------ Data extract
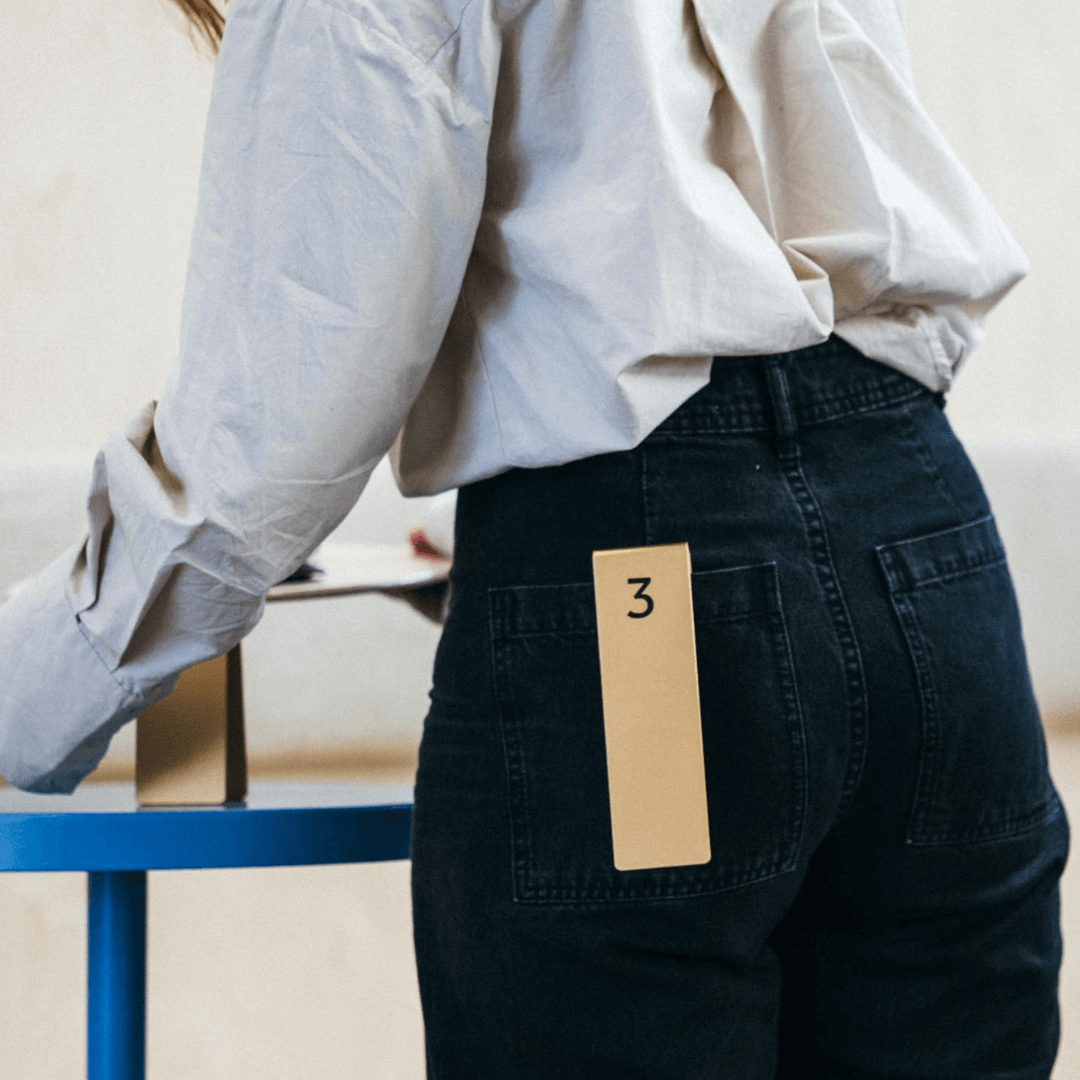 Server carrying food past table with aluminum number stacker showing table number three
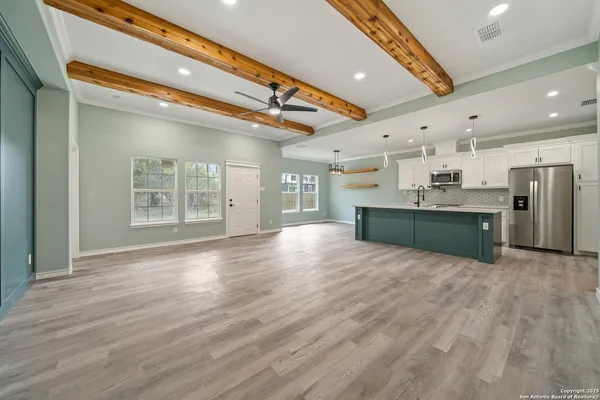 a view of an empty room with kitchen and a window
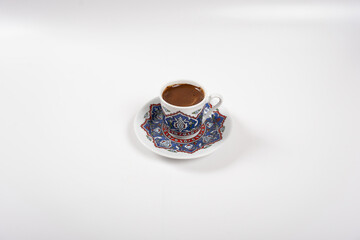 Obraz na płótnie Canvas Traditional turkish coffee, traditional vintage porcelain cup on isolated white background
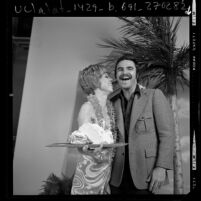 Comedian Carol Burnett posing with Burt Reynolds and his birthday cake, 1972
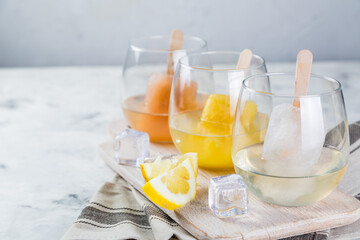 Colorful ice popsicles with wine in glasses
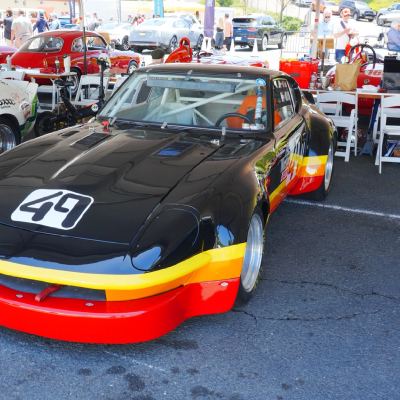 A black vintage race coupe with a red front air dam, number 49, parked in the paddock beside a number 48 car.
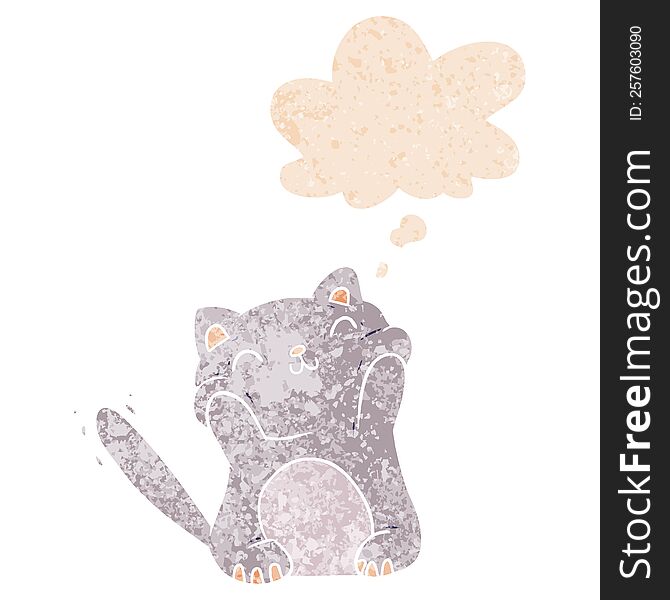 cartoon cat with thought bubble in grunge distressed retro textured style. cartoon cat with thought bubble in grunge distressed retro textured style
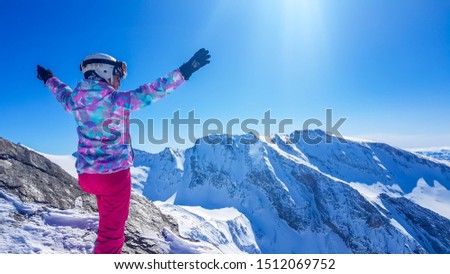 Snowboarder girl with hands raised up in Heiligenblut, Austria. Valley covered with clouds. She wears colourful jacket, sunglasses and helmet. Smiley face shows content and happiness. High Alps around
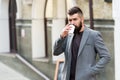 Time to drink. Bearded man drinking morning coffee. Hipster with disposable paper cup walking in city. Businessman in Royalty Free Stock Photo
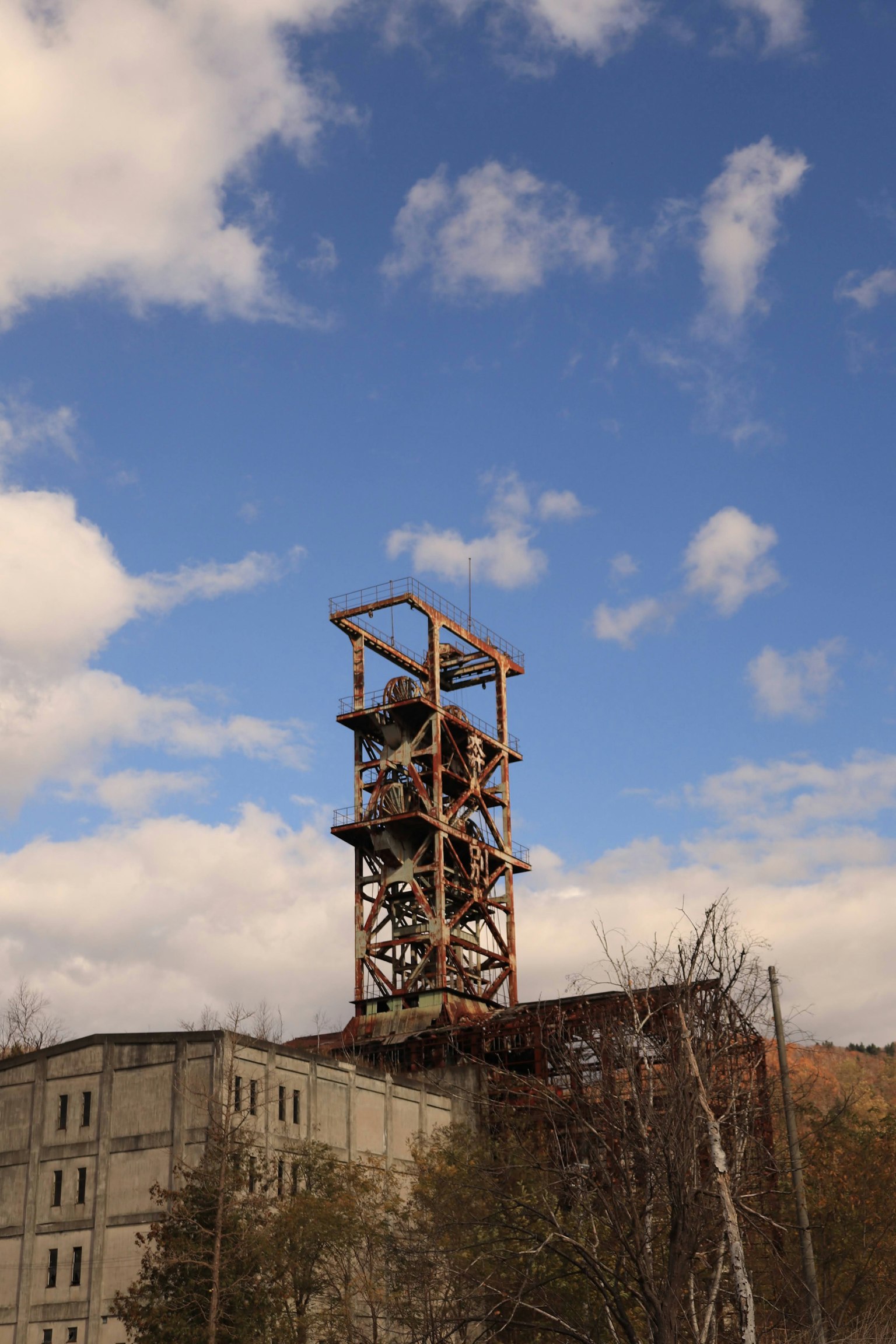 Old mining tower and building under a blue sky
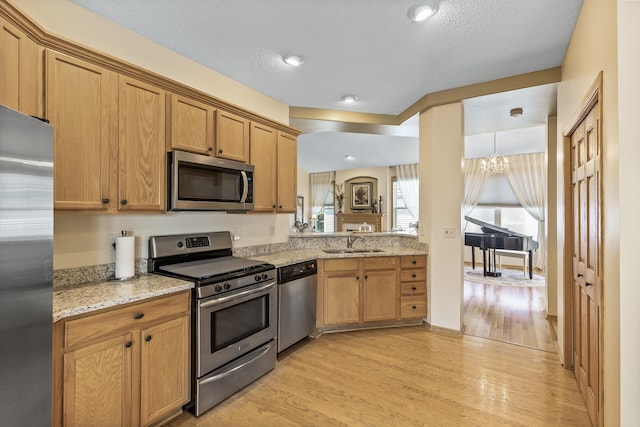 kitchen with a notable chandelier, stainless steel appliances, light hardwood / wood-style floors, and a textured ceiling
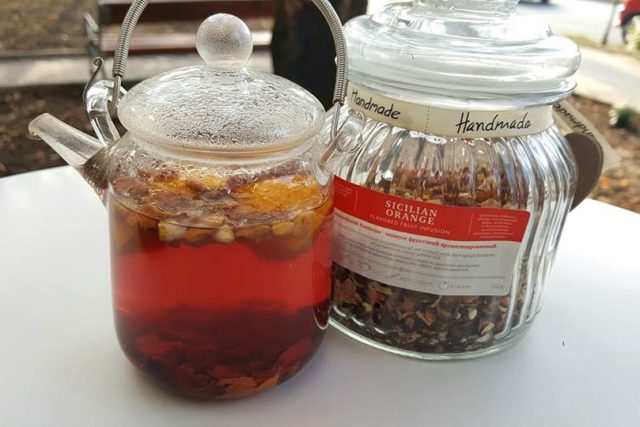 Fruit tea in a glass teapot, next to the jar of loose infusion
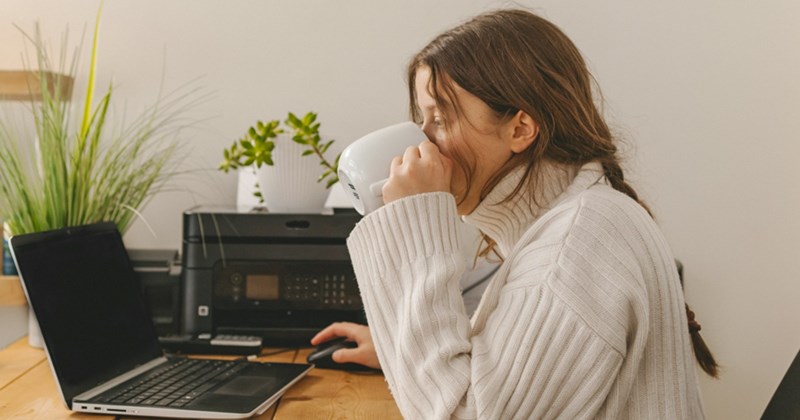 A woman drinks from a mug while working on her laptop at home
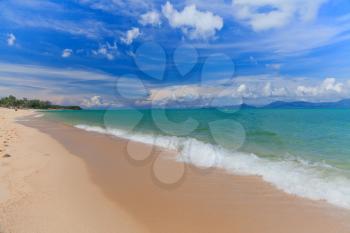 Blue sky and sand beach with wakeboarder sailing in the open sea. Koh Samui, Thailand
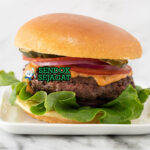 Bison Burger tall stack keju cheddar meleleh bacon caramelized onion brioche bun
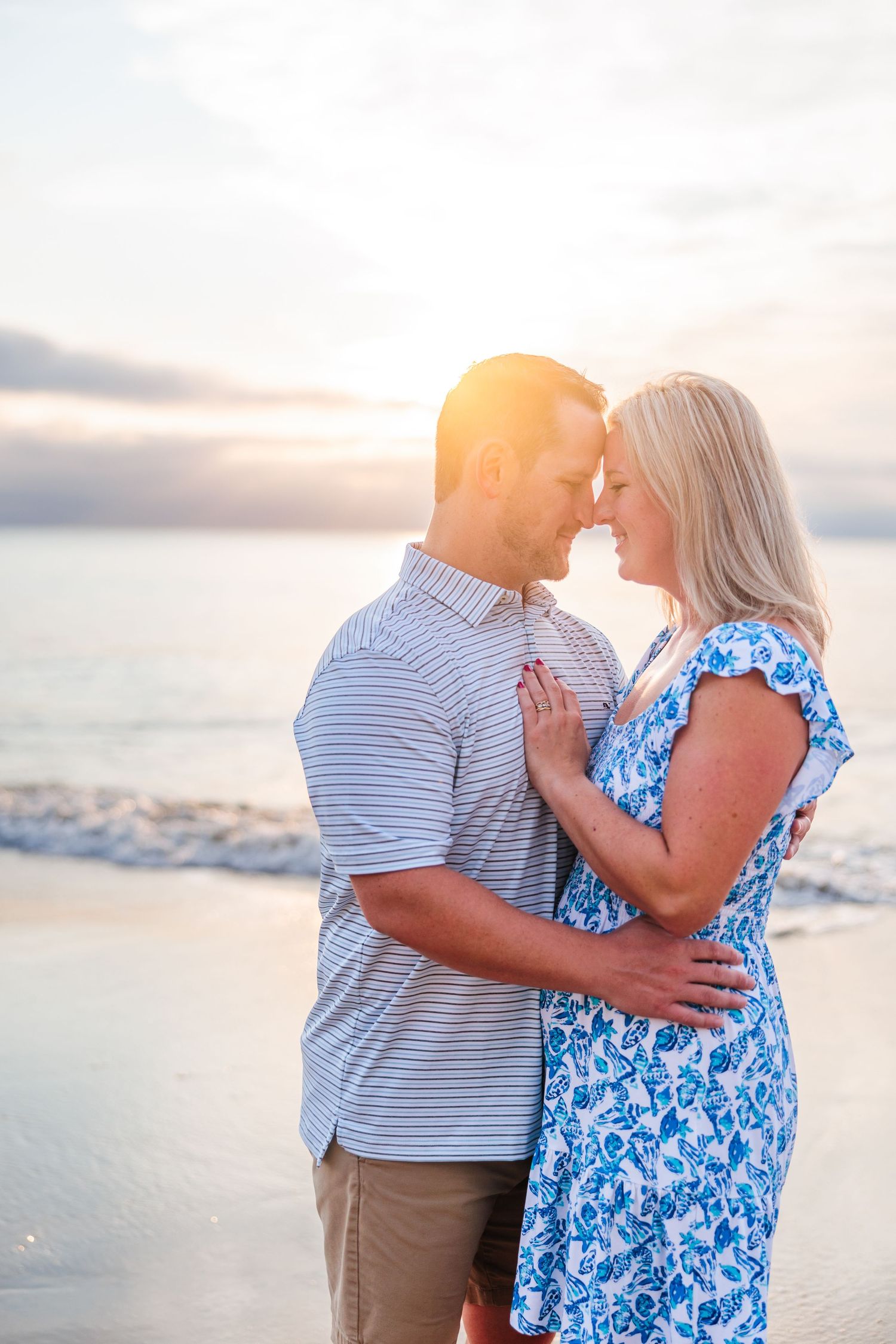 Romantic couple embracing on beach at sunset with waves in background.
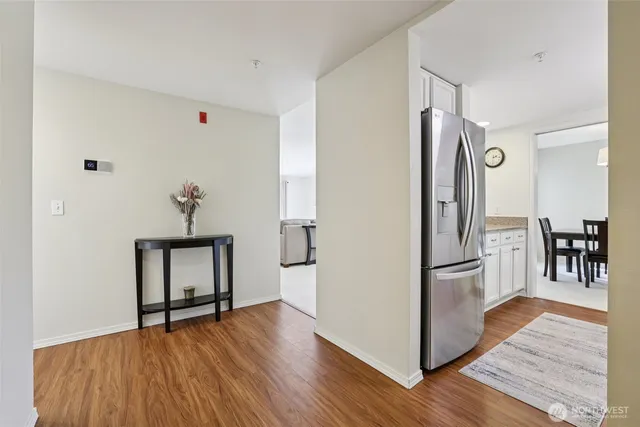 a view of kitchen with furniture and wooden floor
------------
→ Task details
Please copy the lines above exactly, starting at the line that holds "a view of an" and ending at the line that holds "kitchen with a"; include both, but no pictures.

→ Task answer
 a view of an empty room with kitchen and a window
 Obraz na płótnie Canvas Traditional turkish coffee, traditional vintage porcelain cup on isolated white background
 Comedian Carol Burnett posing with Burt Reynolds and his birthday cake, 1972
 Colorful ice popsicles with wine in glasses
 A black vintage race coupe with a red front air dam, number 49, parked in the paddock beside a number 48 car.
 cartoon cat with thought bubble in grunge distressed retro textured style. cartoon cat with thought bubble in grunge distressed retro textured style
 Snowboarder girl with hands raised up in Heiligenblut, Austria. Valley covered with clouds. She wears colourful jacket, sunglasses and helmet. Smiley face shows content and happiness. High Alps around
 Time to drink. Bearded man drinking morning coffee. Hipster with disposable paper cup walking in city. Businessman in Royalty Free Stock Photo
 Old mining tower and building under a blue sky
 kitchen with a notable chandelier, stainless steel appliances, light hardwood / wood-style floors, and a textured ceiling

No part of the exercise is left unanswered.